DATASET EXTRACT:
--- START ---
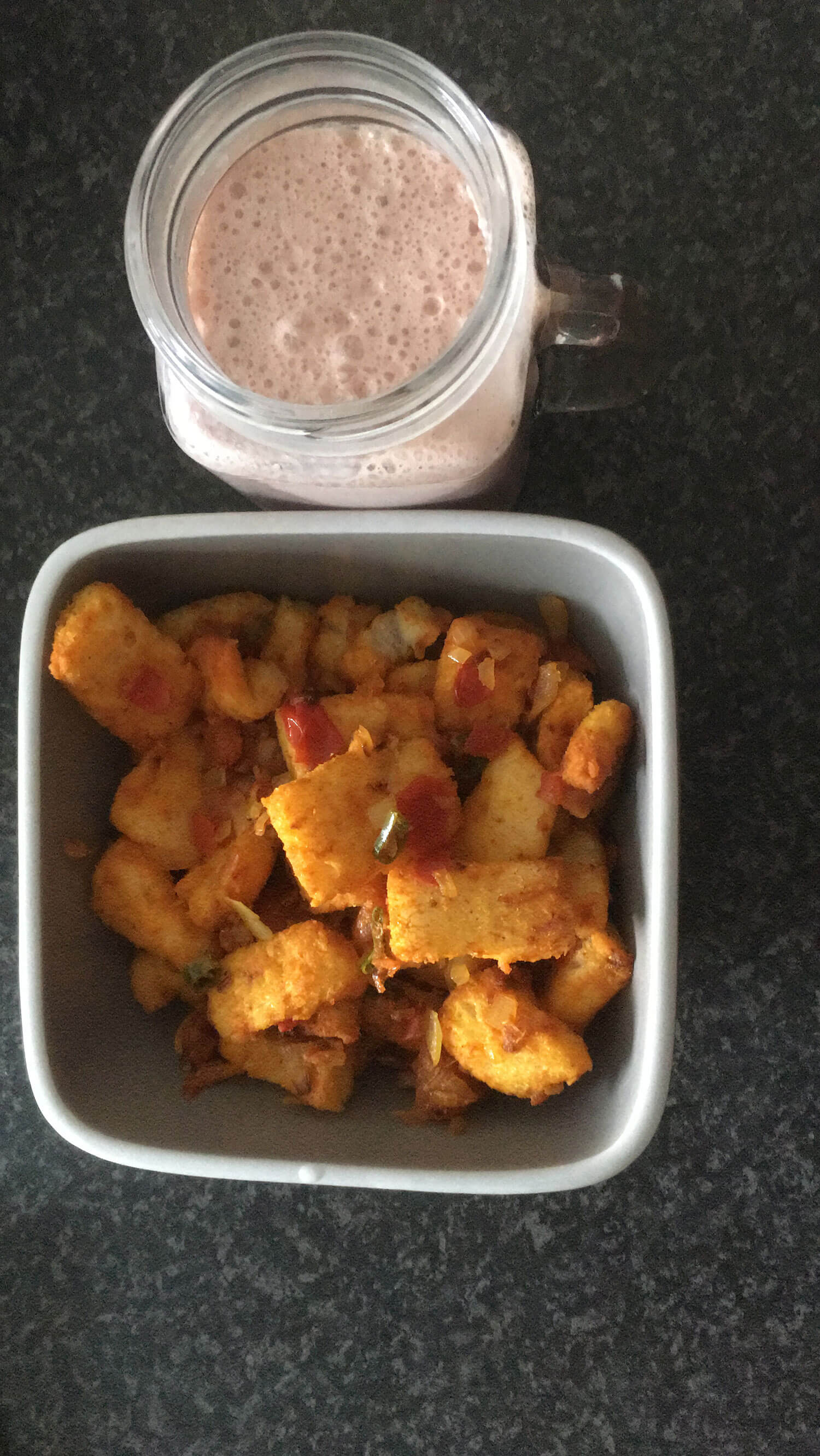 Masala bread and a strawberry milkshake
--- END ---
--- START ---
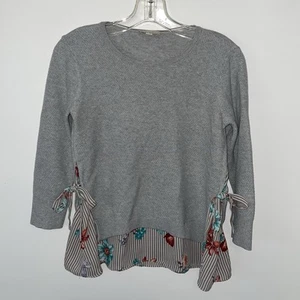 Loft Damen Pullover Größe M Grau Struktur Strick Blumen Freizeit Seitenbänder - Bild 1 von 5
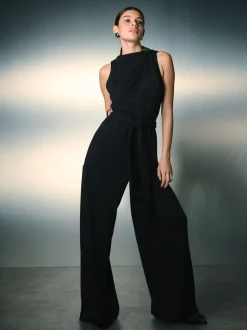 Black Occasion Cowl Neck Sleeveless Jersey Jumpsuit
--- END ---
--- START ---
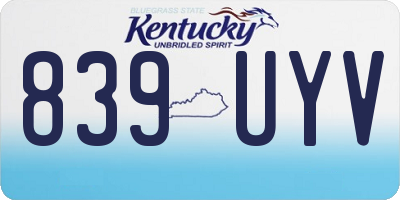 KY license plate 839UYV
--- END ---
Starting at the line above that holds "Loft Damen Pullover", repeat every line exactly down to and including the line that holds "Black Occasion Cowl", then stop. Do not carry over any pictures.

 Loft Damen Pullover Größe M Grau Struktur Strick Blumen Freizeit Seitenbänder - Bild 1 von 5
 Black Occasion Cowl Neck Sleeveless Jersey Jumpsuit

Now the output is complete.